While deadly tornadoes have already caused destruction in several states this year, intense lightning storms have also taken their toll throughout the United States. In fact, lightning strikes cost nearly $1 billion in insured losses in 2011, according to the Insurance Information Institute (I.I.I.).
An analysis of homeowners insurance data by the I.I.I. and State Farm found there were more than 186,000 lightning claims in 2011, down nearly 13 percent from 2010. The I.I.I. puts the average lightning claim at $5,112 in 2011, up 5.5 percent from 2010. The average cost per claim rose 93 percent from 2004-2011, even as the actual number of paid claims fell by over 33 percent over the seven-year period. This decline may be due to increased use of lightning protection systems.

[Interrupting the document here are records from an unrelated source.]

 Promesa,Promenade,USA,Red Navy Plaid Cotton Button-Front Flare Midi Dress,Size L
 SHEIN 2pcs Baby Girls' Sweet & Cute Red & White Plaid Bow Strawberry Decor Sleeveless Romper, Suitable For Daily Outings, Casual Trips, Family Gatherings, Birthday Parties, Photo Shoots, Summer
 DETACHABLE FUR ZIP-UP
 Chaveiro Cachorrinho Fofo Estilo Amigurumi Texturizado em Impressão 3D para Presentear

“The number of paid claims is down, but the average cost per claim continues to rise, in part because of the huge increase in the number and value of consumer electronics in homes,” said Loretta Worters, vice president of the I.I.I. “Plasma and high-definition television sets, home entertainment centers, multiple computer households, smart phones, gaming systems and other expensive devices—which can all be destroyed by power surges—continue to have a significant impact on claims losses.”

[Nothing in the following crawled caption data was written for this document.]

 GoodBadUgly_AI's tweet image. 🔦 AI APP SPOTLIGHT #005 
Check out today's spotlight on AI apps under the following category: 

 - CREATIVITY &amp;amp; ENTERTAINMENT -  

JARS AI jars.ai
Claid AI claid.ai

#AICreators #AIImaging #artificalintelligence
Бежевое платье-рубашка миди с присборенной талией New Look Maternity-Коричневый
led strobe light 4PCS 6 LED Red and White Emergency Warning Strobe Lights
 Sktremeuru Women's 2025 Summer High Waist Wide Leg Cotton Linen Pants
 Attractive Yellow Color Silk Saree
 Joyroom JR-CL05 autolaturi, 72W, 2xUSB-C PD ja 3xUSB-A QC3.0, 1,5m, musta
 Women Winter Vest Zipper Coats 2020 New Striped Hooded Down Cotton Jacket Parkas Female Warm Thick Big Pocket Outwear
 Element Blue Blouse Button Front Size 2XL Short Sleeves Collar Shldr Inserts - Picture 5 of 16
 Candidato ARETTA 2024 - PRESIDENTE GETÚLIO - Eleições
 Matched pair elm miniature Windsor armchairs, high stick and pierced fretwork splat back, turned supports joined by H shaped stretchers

Another reason behind the increased claim costs may be due to a spike in consumer electronics prices. Product shortages in 2011 through the first quarter of 2012 from places such as Thailand and Japan, which were affected by supply chain issues, may have also contributed to the increased claim costs.
According to the I.I.I., insured catastrophe losses in the United States for 2011 totaled $32.3 billion, greatly surpassing the average of $23.8 billion for the years 2000 to 2010. The federal government issued 99 disaster declarations in 2011, a record and an indication of the increased number of catastrophes, as well as a greater propensity to issue federal disaster declarations. According to Munich Re, a major reinsurance company, losses due to thunderstorms (including tornadoes, large hail and lightning) exceeded $25 billion last year, more than double previous records.

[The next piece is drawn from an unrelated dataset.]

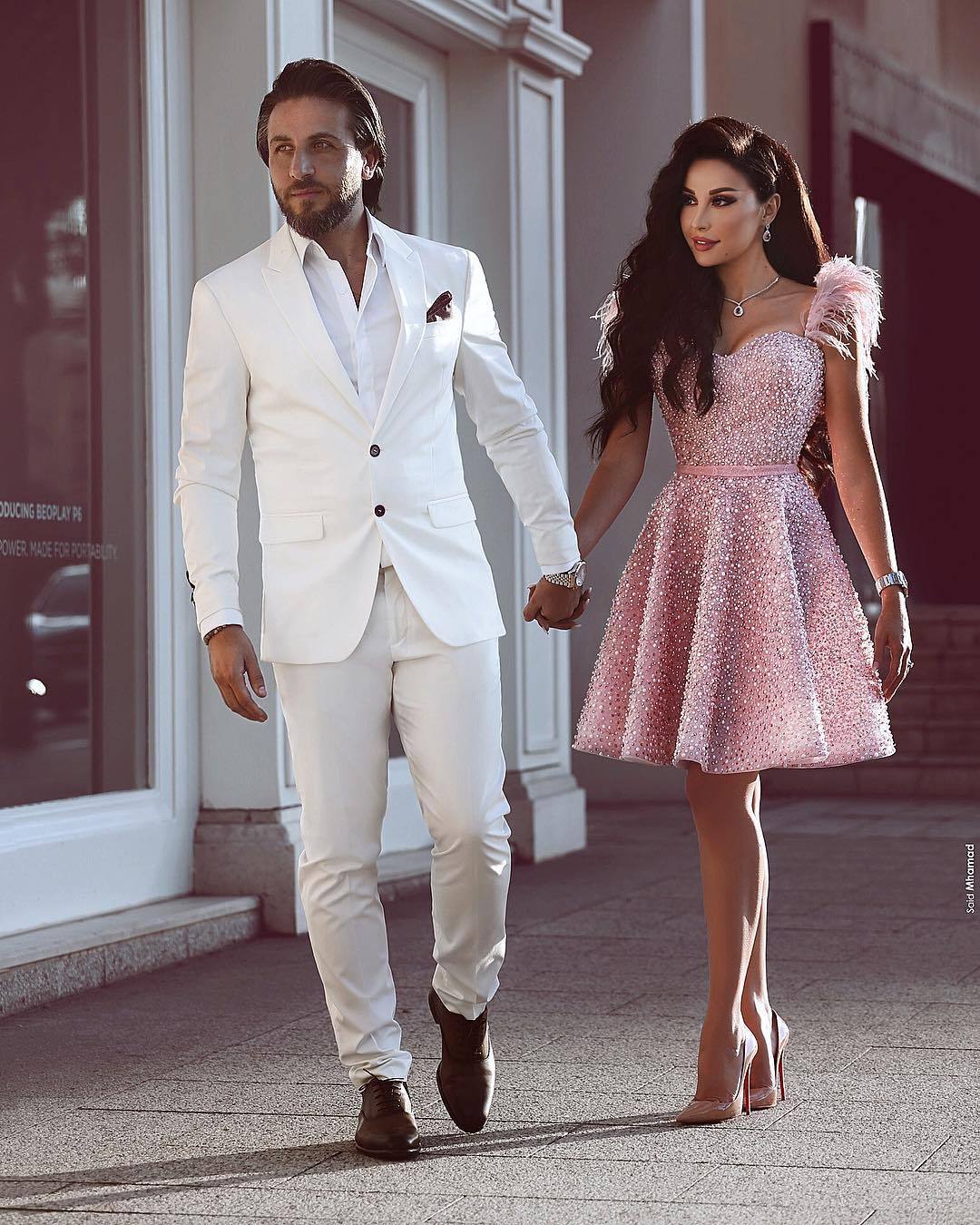 A-Line Beading Homecoming Dress UK | Luxury Feather Pink Party Dress UK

Worters noted that given last year’s record tornado activity and the fact that tornadoes are usually accompanied by severe thunderstorms, it was not surprising that the number of lightning claims remained close to $1 billion.
Damage caused by lightning, such as fire, is covered by standard homeowners and business insurance policies. Some home and business insurance policies provide coverage for power surges that are the direct result of a lightning strike. There is also coverage for lightning damage under the optional comprehensive portion of an auto insurance policy.